Wow! A huge number of LIPs were released with various announcements all week.
I didn't ant to push back my blogs I had written for a whole week so instead I figured I'd do a bunch at once.
Let's see if I can get them all down here:
- The Windows 7 Gujarati (ગુજરાતી) LIP, 32-bit only, must have English resources for fallback;
NUMBER OF SPEAKERS: 46 million speakers
NAME IN THE LANGUAGE ITSELF: ગુજરાતી
Gujarati is the official language of the Indian state of Gujarat and spoken by the majority of people there. It is one of India's 22 official languages and also spoken by migrant communities all over the world.
Gujarati was influenced by Persian during the five centuries of the rule of the Sultans not only in vocabulary but even in structure. An important caste dialect is that of descendants of Persians, the Parsis, who live in the southern part of Gujarat.
FUN FACTS:
• The mother tongue of both the "father of India", Gandhi, and the "father of Pakistan", Jinnah, was Gujarati. Gandhi's writing have strongly influenced the development of the language.
• Due to migration, there are substantial communities of Gujarati speakers in three East African countries: Tanzania has 250,000 speakers, Uganda 150,000 and Kenya 50,000. There are 300,000 Gujarati speakers in the United Kingdom.
MORE INFO: here
- The Windows 7 Galician (galego) LIP, 32-bit and 64-bit, must have Spanish resources for fallback;
NUMBER OF SPEAKERS: 3 million
NAME IN THE LANGUAGE ITSELF: galego
Galician is spoken by about 3 million people in the Autonomous Region of Galicia, in which it is the official regional language, and in neighboring areas in northwestern Spain.
MORE INFO: here
- The Windows 7 Basque (euskara) LIP, 32-bit and 64-bit, must have either Spanish or French resources for fallback;
NUMBER OF SPEAKERS: ~700,000
NAME IN THE LANGUAGE ITSELF: euskara
Basque is spoken in and around the western Pyrenees facing the Bay of Biscay in northern Spain (by about 600,000 people) and south-western France (by about 100,000 people). On the Spanish side there are three Basque provinces -- Alava (Araba), Biskaia (Biskay), and Gipuzkoa -- which form the Autonomous Basque Community (CAV), where Basque is official regional language. Basque is also spoken in the northern area of the Autonomous Region of Navarra (Nafarroa) of north central Spain and in the French department of Pyrenées Atlantiques.
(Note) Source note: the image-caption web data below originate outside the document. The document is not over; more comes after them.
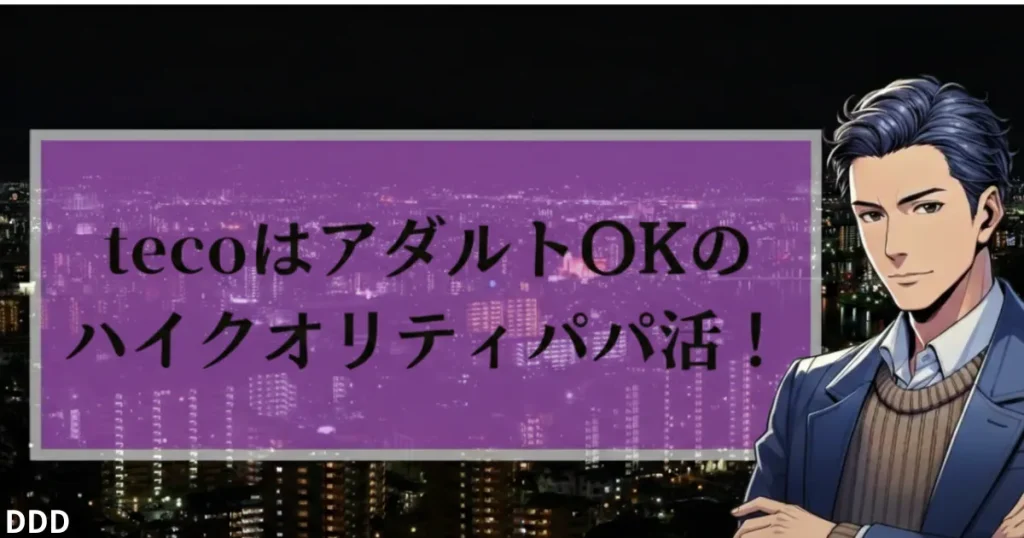 teco　パパ活　ギャラ飲みアプリ　アダルトOKのハイクオリティなパパ活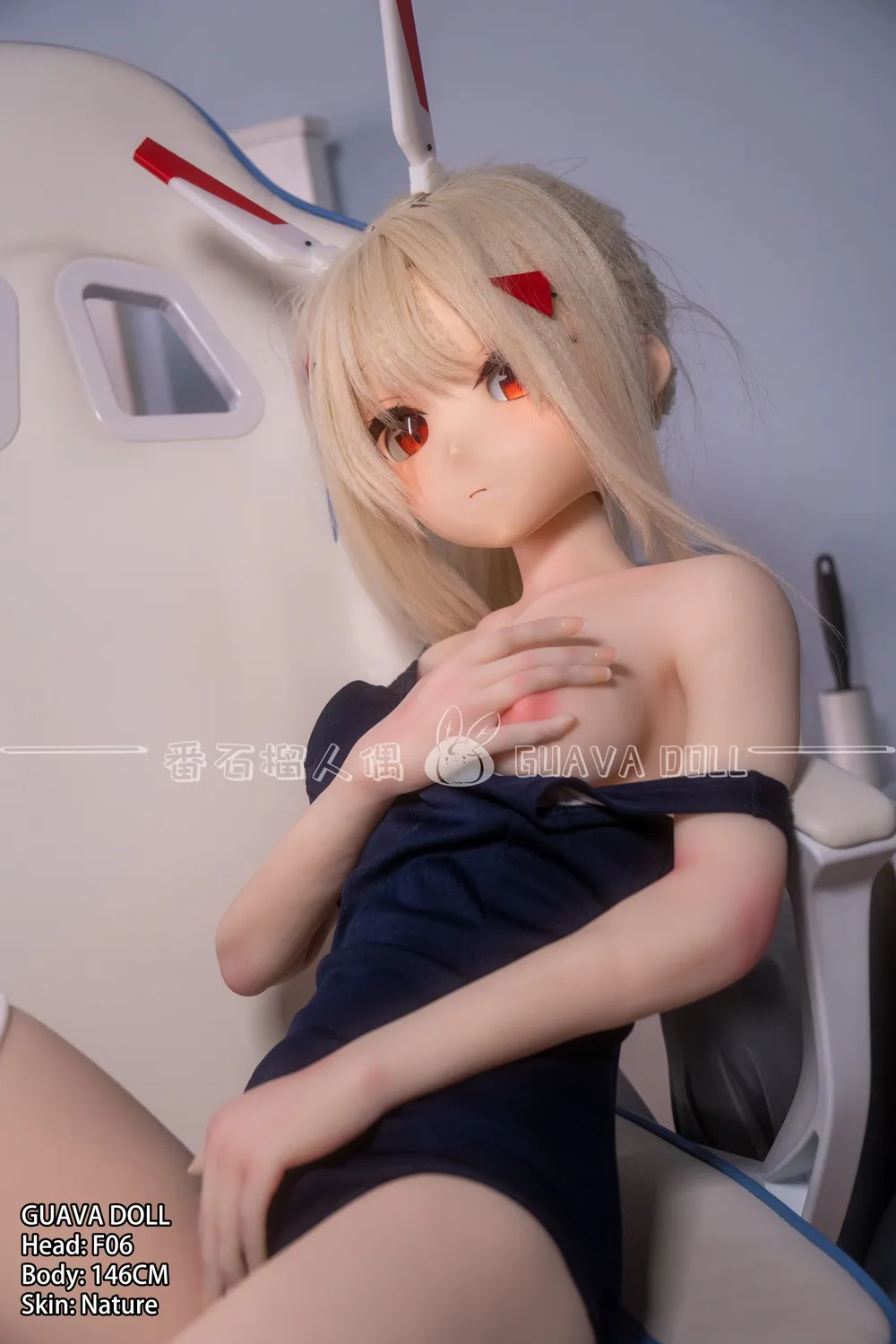 Guava Doll 146cm Ccup PVCヘッド+TPEボディ 番石榴人偶146+F06 巨尻ラブドール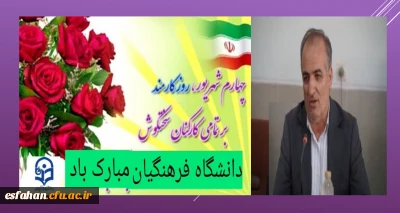 پیام تبریک سرپرست دانشگاه فرهنگیان استان به مناسبت 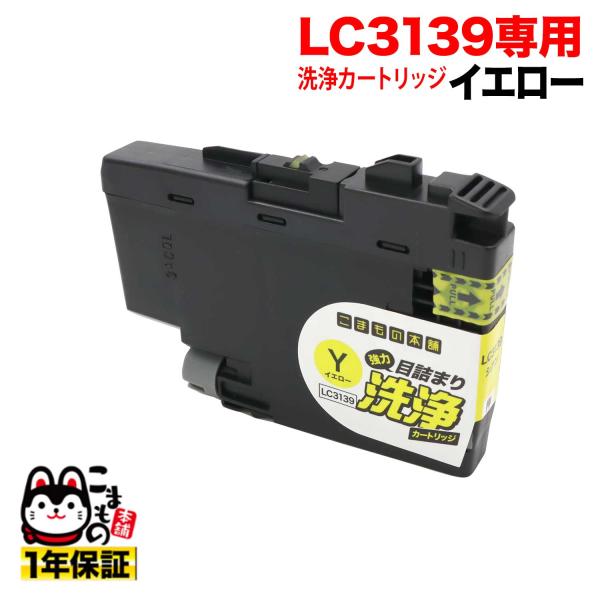 LC3139Y専用 ブラザー用 LC3139 プリンター目詰まり洗浄カートリッジ イエロー用 HL-...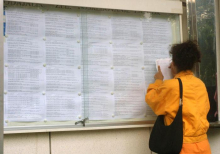 Marca se je število registriranih brezposelnih še nekoliko zmanjšalo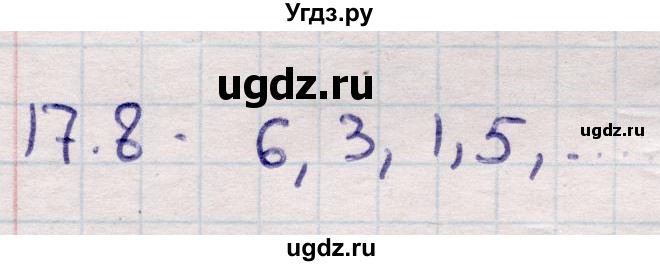 ГДЗ (Решебник) по алгебре 9 класс Абылкасымова А.Е. / §17 / 17.8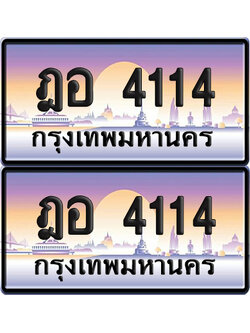 ทะเบียน PAITABIEN 4114 – เลขประมูล ฎอ 4114 (เลขสวย)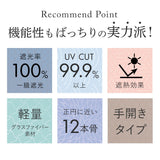 mabu 傘 江戸 通販 マブ 長傘 晴雨兼用傘 日傘 晴雨兼用 かさ カサ 50cm 遮光率100% 遮熱 UVカット 99.9% UPF50+ おしゃれ シンプル 無地 レディース メンズ 男女兼用 12本骨遮光ショート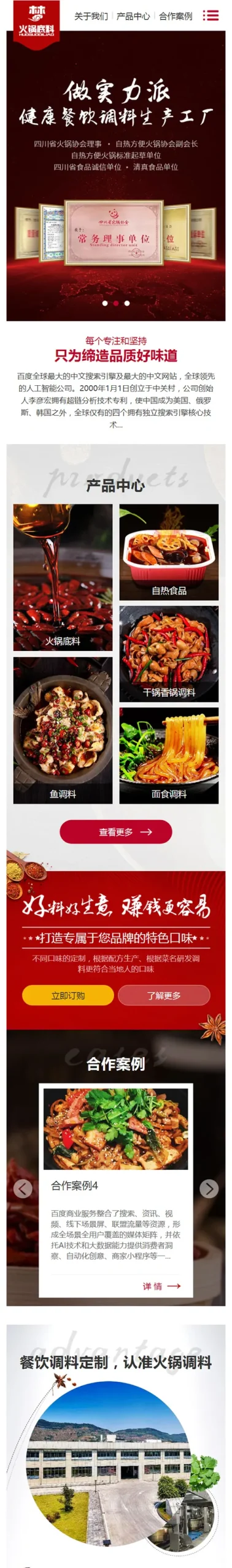 火锅底料加盟网站模板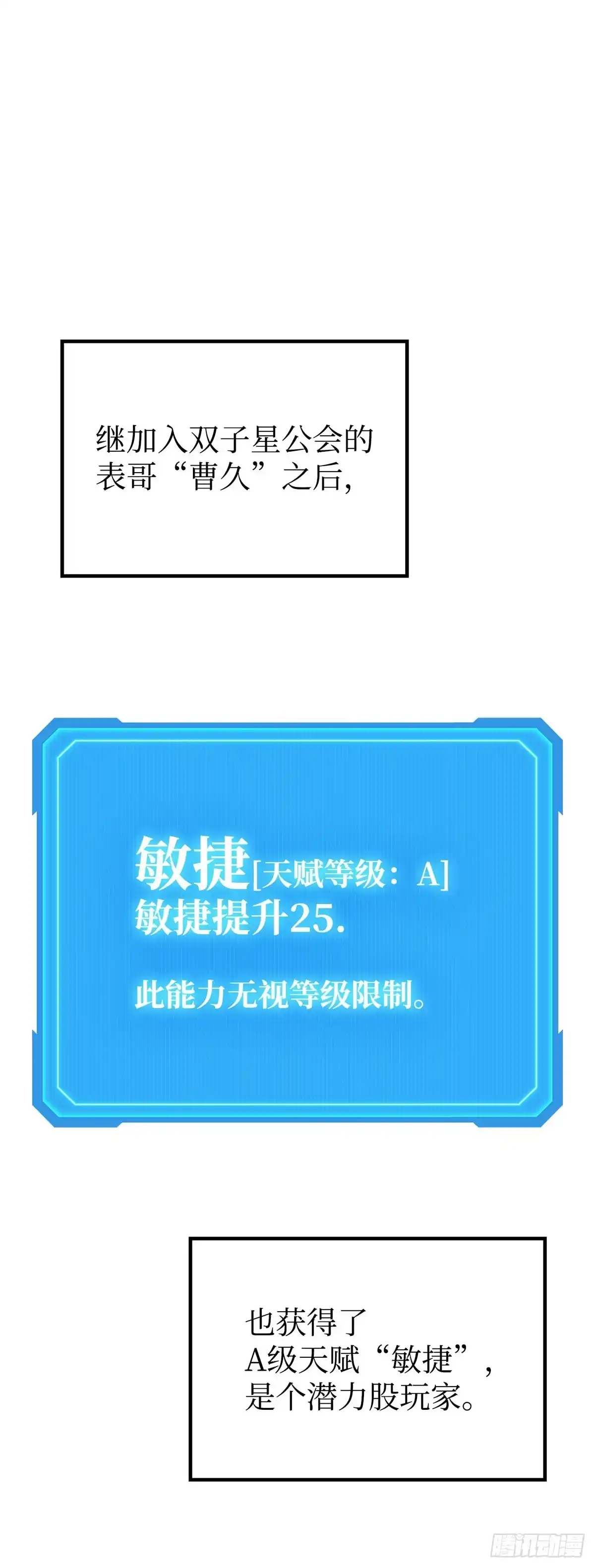 武神重生：从2级开始逆袭 第53话 第29页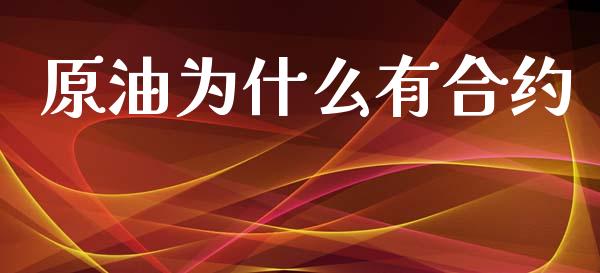 原油为什么有合约_https://wap.78312.cn_财经新闻_第1张
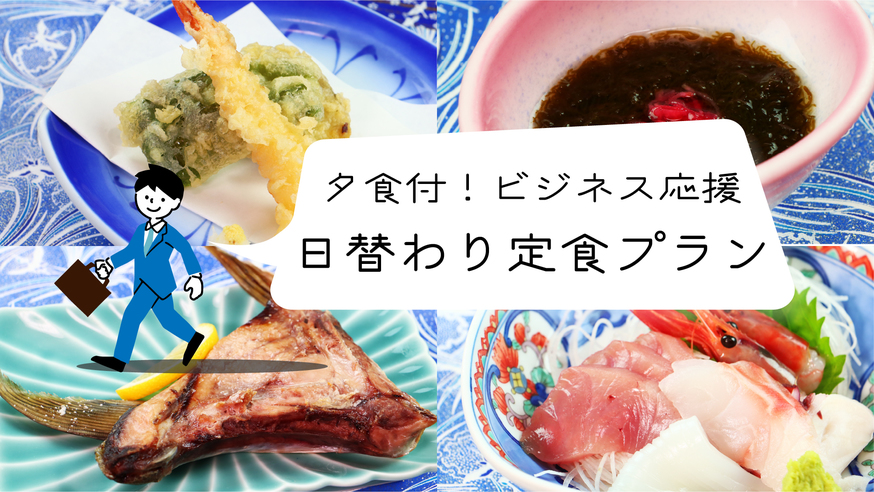 ［ビジネス応援◎夕食付］日替わり定食プラン◎日本海を一望できる展望風呂で疲れをリフレッシュ！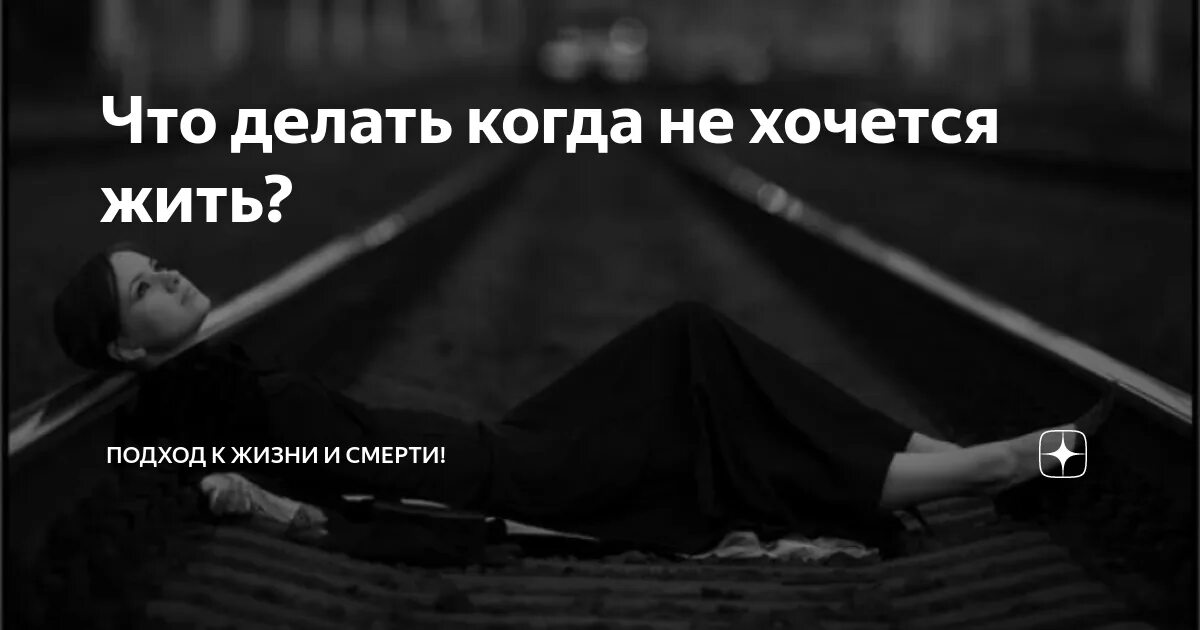 Хочу жить читать. Когда не хочется жить. мне не хочется жить. очень хочется жить. не хочу жить что делать.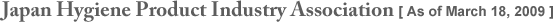 Japan Hygiene Product Industry Association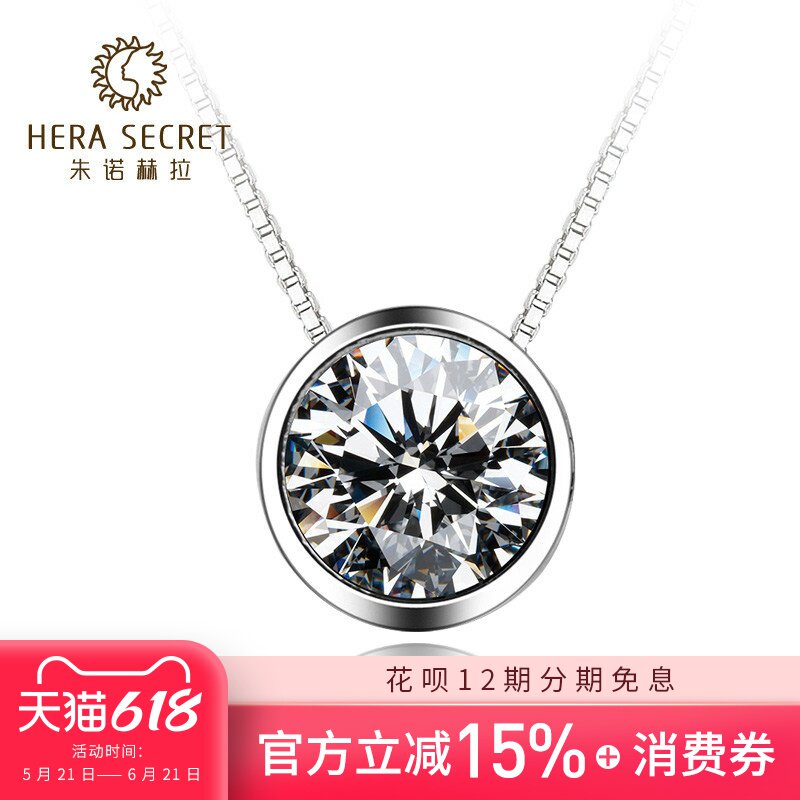 全新优质项链仿真钻石1克拉吊坠女银镀金 圆形简单锁骨短链P045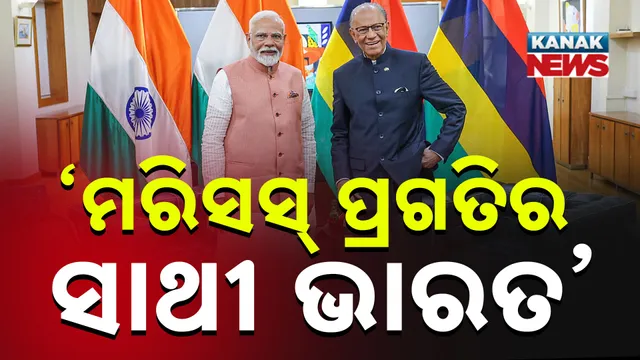 ‘ମରିସସ୍ ପ୍ରଗତିର ସାଥୀ ଭାରତ’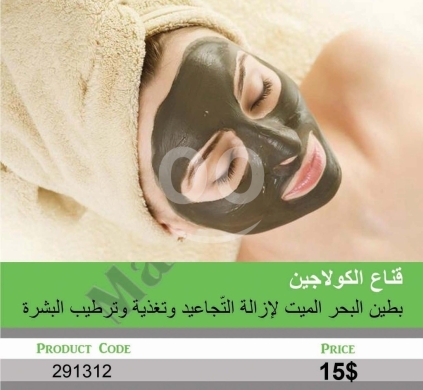 الصحة و الجمال في منصورة - قناع الكولاجين بطين البحر الميت لإزالة التجاعيد وترطيب البشرة | Collagen Dead Sea Mud Mask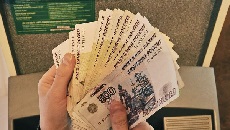 Изображение из статьи: Лимит на снятие наличных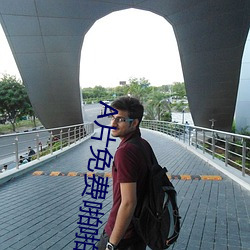 A片免费啪啪网APP （上手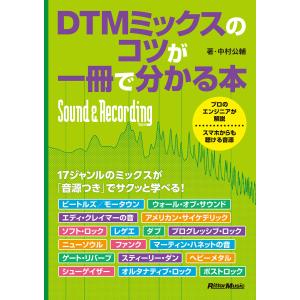 DTMミックスのコツが一冊で分かる本 電子書籍版 / 著:中村公輔｜ebookjapan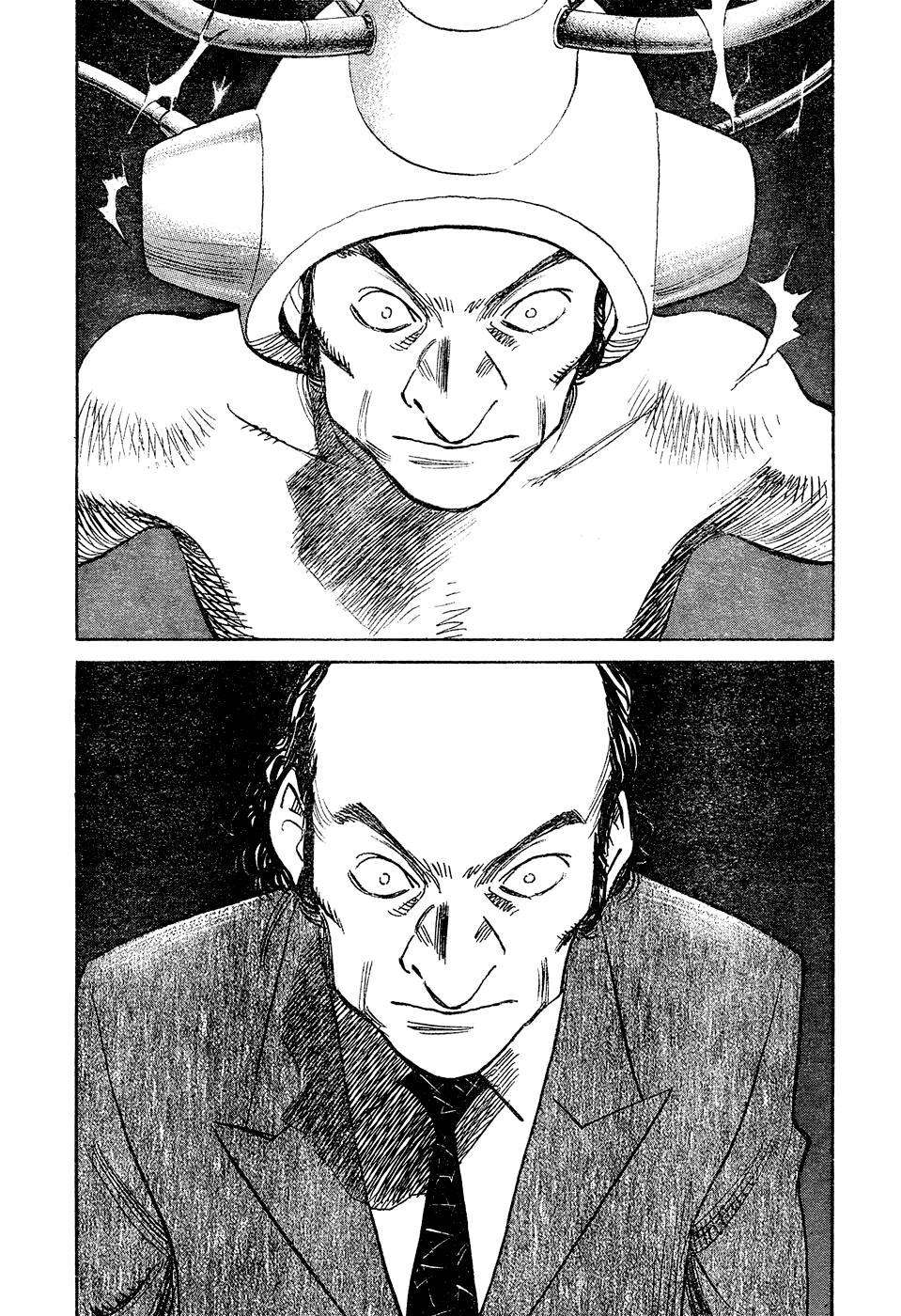 Read Pluto (es) Manga Online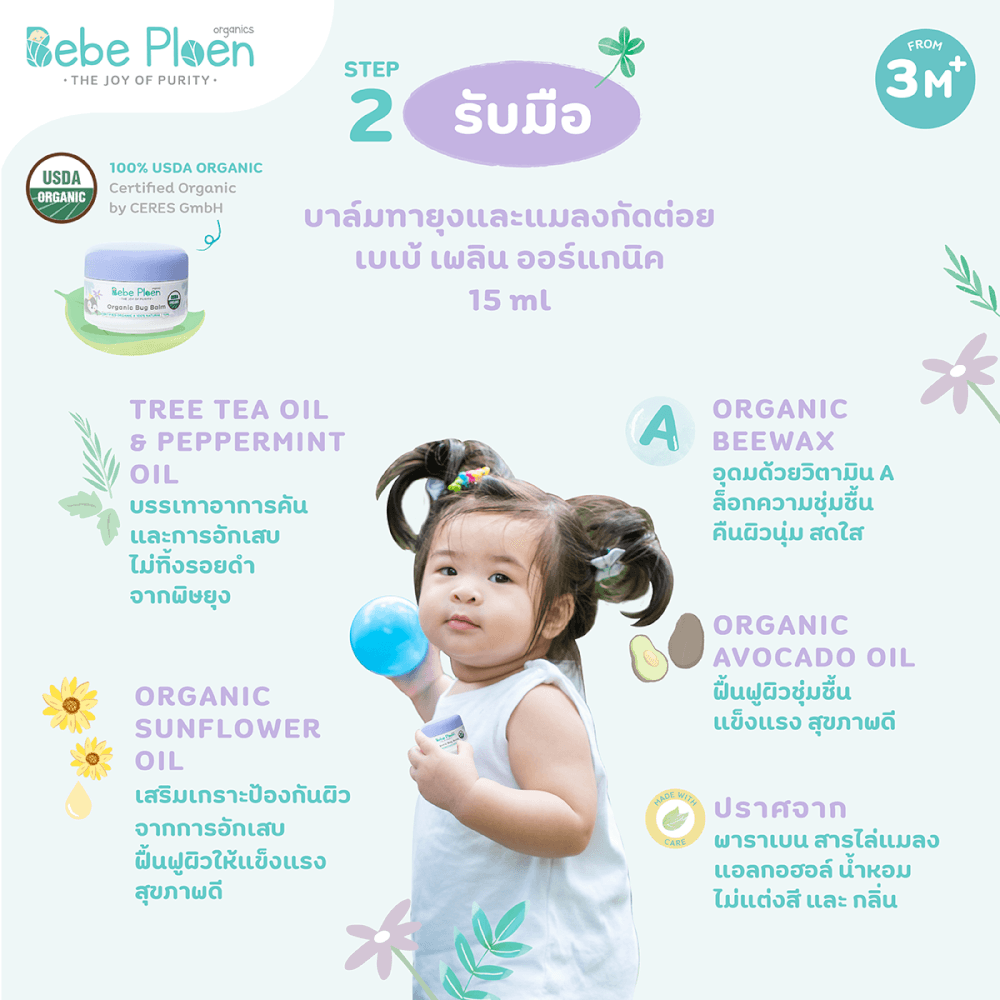 ชุดของขวัญ สเปรย์กันยุงและแมลงสูตรธรรมชาติและบาล์มทาหลังยุงและแมลงกัด เบเบ้ เพลิน ออร์แกนิค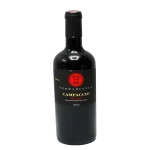 terrabianca campaccio 16 red w 0 1753344402 - BOTTLEBARRN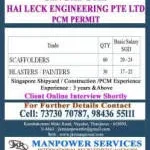 HAI LECK ENGINEERING (PRIVATE) LIMITED company logo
Basque grammar is extremely complicated – starting with the fact that the subject of a sentence looks different depending on whether the verb has an object or not (This is called an ergative-absolutive system.)
After the suppression of Spain’s regional languages under Franco, Basque has recovered and the number of Basque speakers is even increasing. There is an upsurge in its use in literature, the media and higher education. A Basque language academy is leading standardization of the language which has widely divergent dialects. Today Basque is one of Spain’s four official languages.
FUN FACTS:
• The is no f sound in Basque - the letter f is pronounced as an h.
• For numbers, Basque uses a system based on 20 for the tens: hogei is 20, hogeitamar 30, berrogai 40, berrogai eta hamar 50, hirurgei 60, larogei 80. Might this be where the French quatre-vingts (literally four twenties, 80) comes from?
CLASSIFICATION: Basque is a language isolate, meaning it has no known relatives. It is unrelated to the surrounding Indo-European languages and no connection to other languages has so far been proven (although linguists have tried to trace the origin of the language for a long time, and theories have proposed linking the language to languages as remote as Georgian).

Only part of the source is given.